Der Frust über die Wahlwiederholung erschüttert die Hauptstadt. Die sozialdemokratische Bürgermeisterin muss um ihren Job bangen.
Berlin. Sonntag, kurz nach 13 Uhr, Prenzlauer Berg. Vor dem Tor der Grundschule am Teutoburger Platz zeigt ein Mittzwanziger in gelber Warnweste den Weg. Drinnen, in einem der Klassenzimmer, befindet sich Wahllokal 815. An den Wänden hängen Kinderzeichnungen, vier Tische sind im Halbkreis aufgestellt, Pappkartons als Sichtschutz, zwei Urnen für die Stimmzettel. In weniger als fünf Minuten ist alles erledigt. Es wirkt alles so, als könnte in Berlin doch noch normal gewählt werden.

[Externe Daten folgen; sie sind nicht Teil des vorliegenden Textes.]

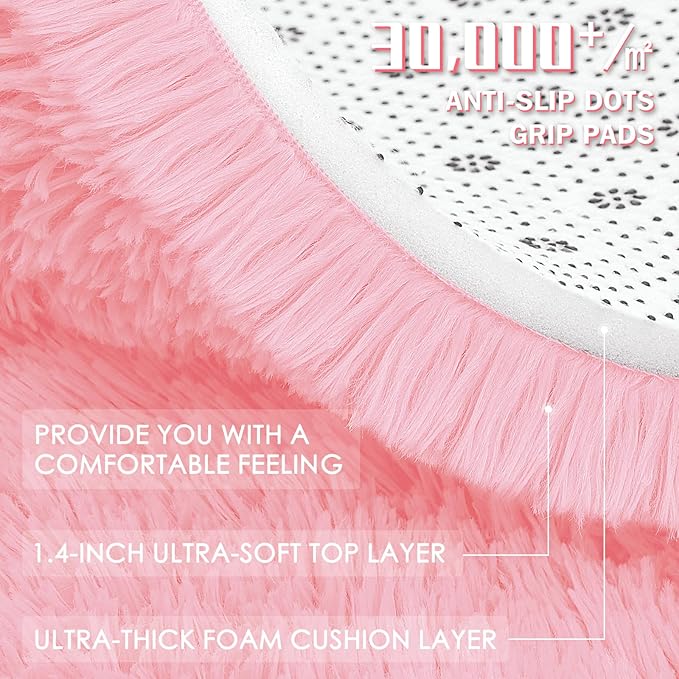OLANLY Pink Round Rugs for Bedroom - Image 6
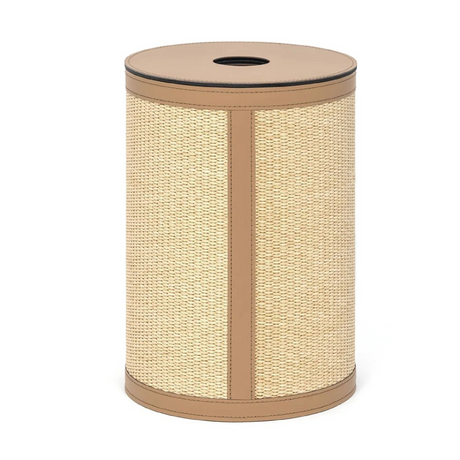 Cylindrical Straw Paper Bin | Pinetti Aurora | Italianfurniture.com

Am 26. September 2021 standen genau vor dieser Grundschule im Bezirk Prenzlauer Berg stundenlang Menschen an, um ihr demokratisches Grundrecht auszuüben. Das Wahllokal schloss um 20.56 Uhr – fast drei Stunden nach dem offiziellen Wahlschluss. So spät wie nirgends sonst in der deutschen Hauptstadt. Der Rest ist bekannt: Wegen der vielen Pannen musste in Berlin am Sonntag zum ersten Mal in der deutschen Geschichte eine Landtagswahl zur Gänze wiederholt werden. „Ich hoffe, das war es jetzt endlich“, sagt eine Mittdreißigerin in weißen Sneakern und schwarzen Leggings, die gerade in der Schule gewählt hat. Bis zu 39 Millionen Euro dürfte die Wahlwiederholung kosten.